Your copy must start with the line containing "Rare pottery and" and end with the last line of the entries, matching them exactly and leaving out every picture.

[Records from a dataset]
● ● ● ● ● ● ●

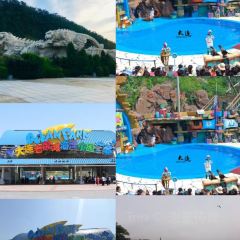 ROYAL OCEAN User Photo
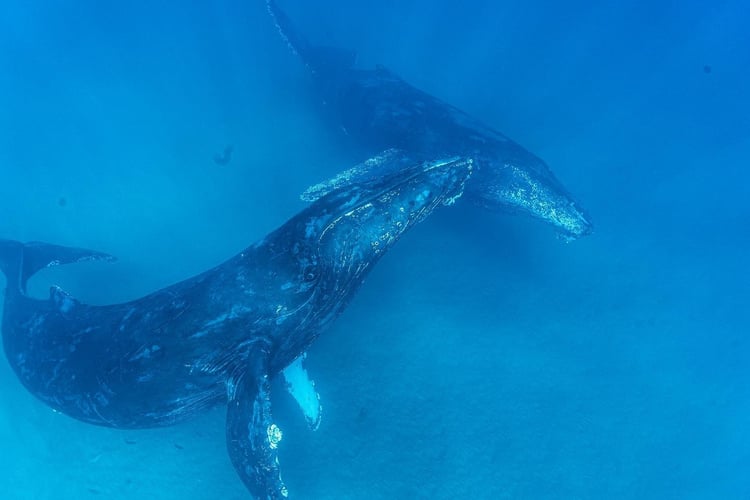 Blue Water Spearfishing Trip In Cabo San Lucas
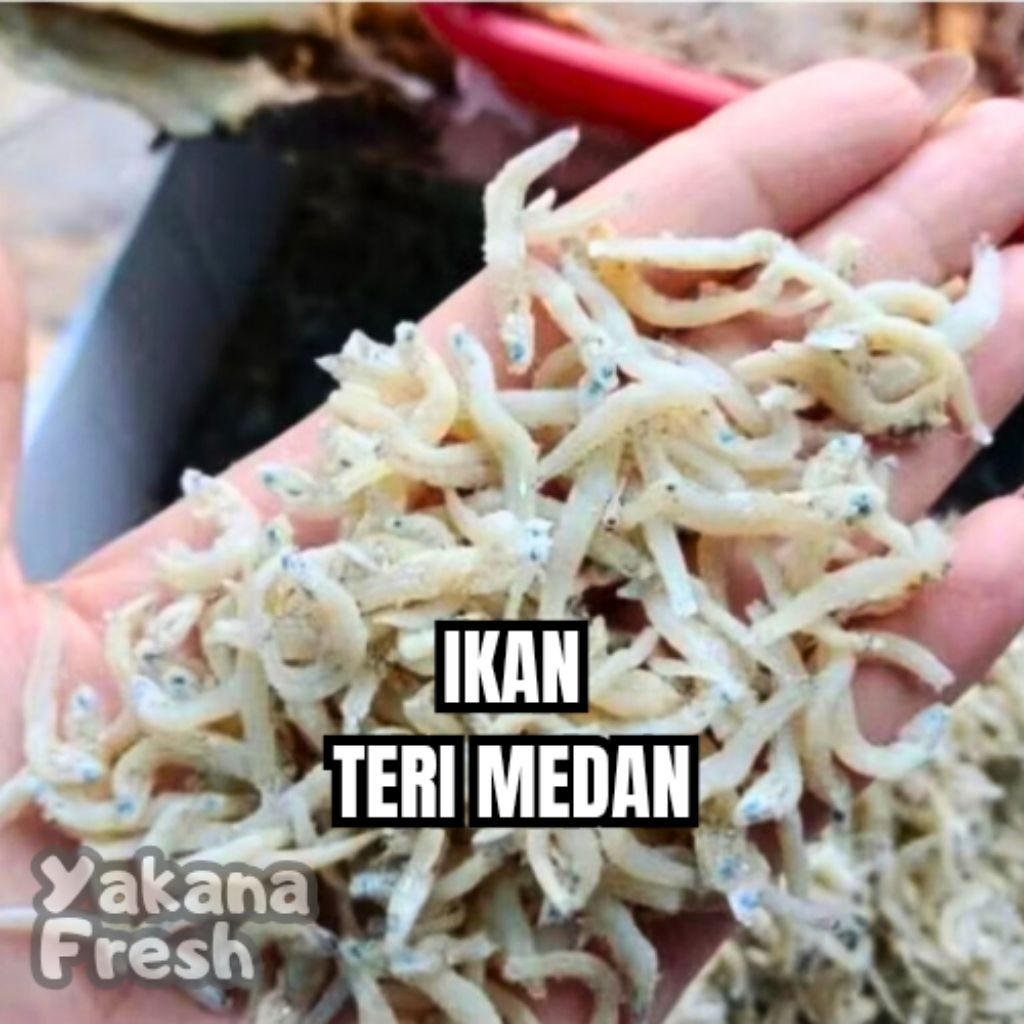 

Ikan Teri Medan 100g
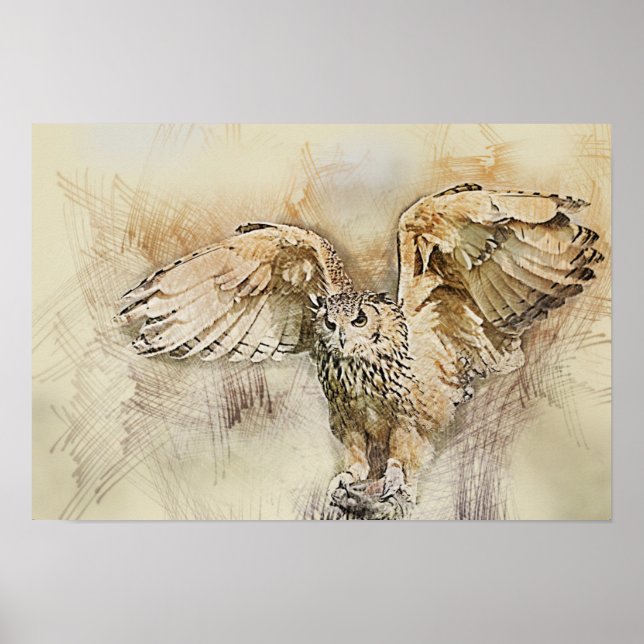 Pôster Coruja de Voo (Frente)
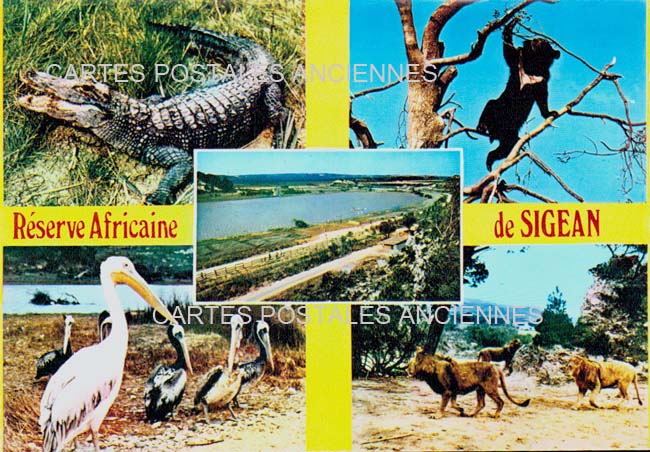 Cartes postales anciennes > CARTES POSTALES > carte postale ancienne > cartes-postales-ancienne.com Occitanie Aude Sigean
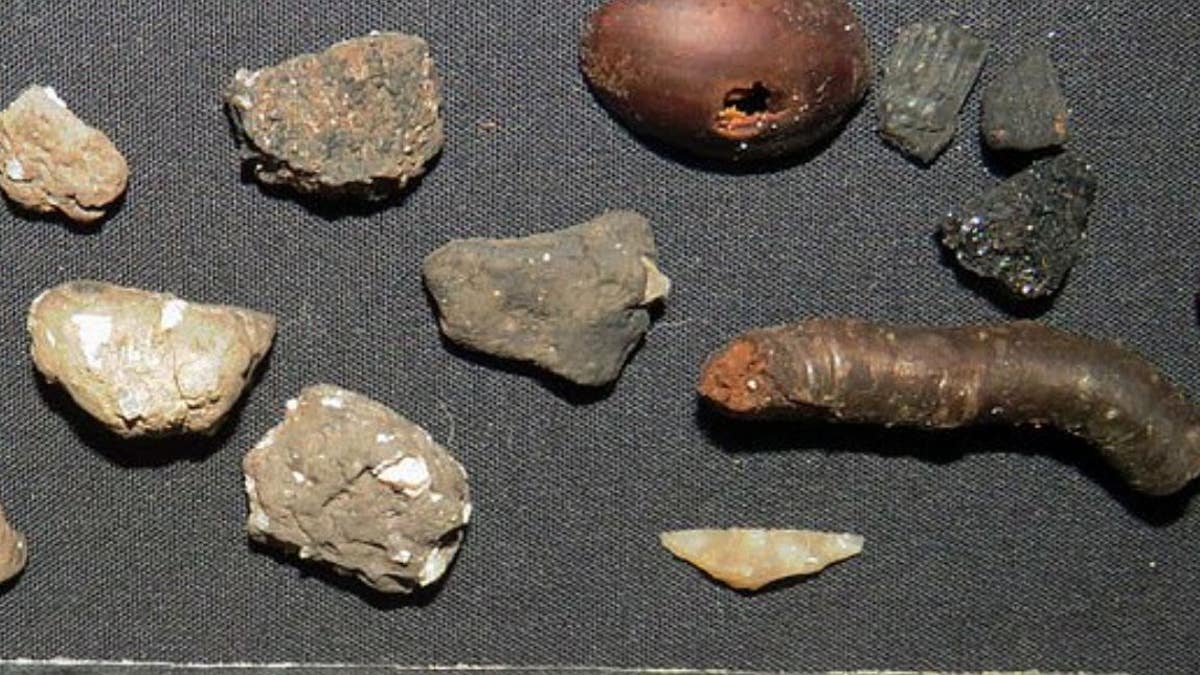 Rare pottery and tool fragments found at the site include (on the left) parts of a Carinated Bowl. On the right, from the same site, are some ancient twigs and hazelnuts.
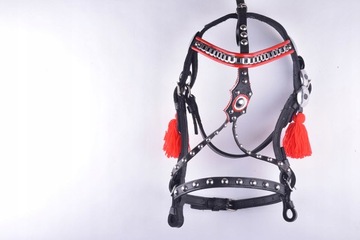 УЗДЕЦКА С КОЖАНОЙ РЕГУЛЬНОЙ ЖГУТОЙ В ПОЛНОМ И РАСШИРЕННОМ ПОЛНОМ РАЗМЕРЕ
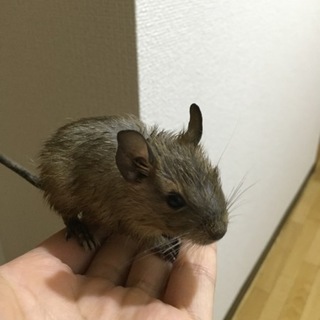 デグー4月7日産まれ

● ● ● ● ● ● ●

> _Task output_
 Rare pottery and tool fragments found at the site include (on the left) parts of a Carinated Bowl. On the right, from the same site, are some ancient twigs and hazelnuts.
 УЗДЕЦКА С КОЖАНОЙ РЕГУЛЬНОЙ ЖГУТОЙ В ПОЛНОМ И РАСШИРЕННОМ ПОЛНОМ РАЗМЕРЕ
 デグー4月7日産まれ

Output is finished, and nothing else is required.